Il y a quelque chose de consolant dans le fait de sentir qu'on partage avec un film un même sentiment (d'épouvante) vis-à-vis du monde du travail. La description est juste, détaillée, sans doute bien renseignée, et sans nuance car il n'y a pas lieu d'en faire.
Le personnage principal se trouve, au fur et à mesure du film, de plus en plus accablé par sa situation d'employé endetté par son employeur, et cet accablement sonne juste parce qu'il se révèle être une prise de conscience, et non simplement un supplice démiurgique un peu appuyé. En vérité la situation est intenable dès le départ, et il est insupportable, pour le spectateur comme pour le fils du héros, que le personnage la tienne. Son calvaire devient donc aussi notre espoir de le voir enfin ouvrir les yeux et changer de paradigme.

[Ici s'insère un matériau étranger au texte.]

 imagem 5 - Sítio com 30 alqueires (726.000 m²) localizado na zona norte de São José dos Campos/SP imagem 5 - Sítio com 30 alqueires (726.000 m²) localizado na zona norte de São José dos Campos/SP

Le problème c'est qu'en dehors de cet état des lieux catastrophique, rien ne tient, le personnage est bidimensionnel, la famille est accrochée à ses archétypes, et les scènes qui s'écartent du scénario et de sa mécanique sont trop vite dessinées (et trop souvent escamotées) pour épaissir les affects du film.
Bien sûr il y a quelques bonnes scènes, et celle-ci notamment, où le mari demande à sa femme où ils en sont de leur amour, et où celle-ci lui répond : je n'en sais rien. Dans cet aveu d'ignorance, on reconnaît la justesse de Ken Loach, sa rigueur mélodramatique, cette façon de toujours suspendre la tendresse sans l'exterminer. En disant cela, la femme ensuite ne claque pas la porte, elle se contente de la refermer et d'aller faire ce qu'elle a à faire.
Mais globalement, on est quand même très loin d'un bon film.